Cogman
Lifer
- Sep 19, 2000
- 10,286
- 147
- 106
I was actually aware of that, realized it that when I increased the number of runs, the number of solutions also increased, and I normalized everything to the original 10 runs. Btw, all times reported are also per 10 runs, not per 1 run
As for the MT version, I actually planned to do that, perhaps you can try with Scali's suggestion, I won't be able to until later today.
I was going to divide work in a bit better way though. You have it by n, e.g. for 2 cores, it'd be 1-25 and 26-50. The thing is that those inner m and k loops will be executed a lot more for smaller n's, so it would be better to have something like 1-15/16-50 (and say 7, 10, 16, 17 for 4 cores) as the first thread will have lots more to do than the last. It would need some hardcoding though, and perhaps experimenting, but the overhead does make it quite unlikely that much can be gained, unless Interlocked add helps.

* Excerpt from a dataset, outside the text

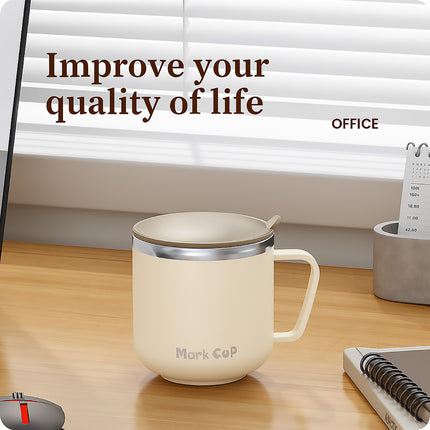 Stainless Steel Coffee Mug with Lid 400ml Food-Grade for Hot Cold Drinks Use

Meh, the critical section is only used once per thread, and critical sections are really only slow if there is a collision (really not all that likely). I did an interlocked add just to make sure and got similar results (Ok, it was with wonky gcc asm as mingw doesn't support the InterlockedAdd function).
Where the speeds are ~2x that of the single threaded version, I'm going to say that thread overhead is the big killer here. Threading will probably only benefit this if we are finding more solutions, or using a crappier algorithm. Perhaps if I'm bored, I'll thread my original solution for the heck of it.